4. Overseas spending can be more costly than you think

Using your credit card overseas can be really convenient, and also safe, considering that you do not have to carry all the cash around with you the whole time. However, do you know that the bank admin fees and exchange rates are very costly?

If you're spending in a foreign non-USD currency, it'll not be directly converted to SGD. In fact, it'll first be converted to USD, and then to SGD, which means that you'll be incurring two times the currency exchange fees. Throw in another 1% of your transaction on Visa/Mastercard, and another 2% or more on your bank admin fees – that is how much of a premium you might be paying.

| See: Best credit cards to earn air miles while overseas

In recent months, the rise of multi-currency cards like YouTrip and Revolut offers very competitive spot rates when you make payments overseas. Their exchange rates are quite close to the live rates you see on Google, and their admin fee are also transparently laid out. Simply by using these cards, you'll be getting a 3% to 5% savings over your normal credit card.

Having said that, if you're tapping onto existing miles promotion like the 8 miles-per-dollar reward on hotel booking and 4 miles-per-dollar reward on flight booking (on the OCBC 90°N air miles credit card), it may still be viable to pay these additional fees. Case in point, if you made a $400 hotel booking and you have to make full payment in foreign currency, you can either save up to $20 (assuming a 5% saving in fees) or get 3,200 miles. While most people might intuitively take the $20 savings, miles collector will know the worth of sacrificing $20 for 3,200 miles. 

5. Late payment on credit cards are very costly

Most people will know to pay off their credit card bills on time because late payments can be very costly. The interest is compounded. But what does that mean? What does 25.9% per annum in late payment charges mean?

For example, if you incur $100 on the 20th day of the month, which you do not pay up at the end of the month this is how much interest you should expect to pay (assuming a 30-month cycle, and 365-day annual percentage rate):

$100 X 25.9%/365 X 10 days = $0.71 interest on 10 days of late payment

While that amount seems small, the scary part is when it is compounded. Because if you still fail to make payment the following month, it'll multiply by the additional days of late payment i.e. 30 more days. Imagine that a credit card user does not make prompt payment, and continue to accumulate his spend because his credit limit allows him to, he'll soon find himself heavily in debt.

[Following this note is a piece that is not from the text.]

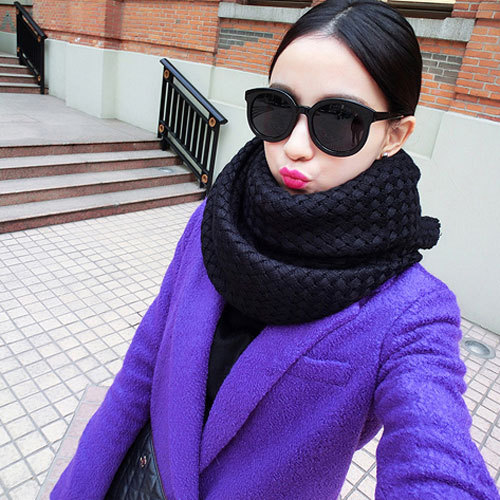 2015秋冬新款韩版女装毛呢外套修身显瘦中长款呢子大衣紫色加厚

Do you know your credit card?

Long story short, credit cards can be your best friends. They give you interest-free payment for 30 days and you'll get to earn rewards while using them.

However, if you mismanage your card spending or if you fail to pay your bills on time, it can negatively impact your credit score. Worse still, you might find yourself buried in a mountain of debts. Be smart with your credit card spends!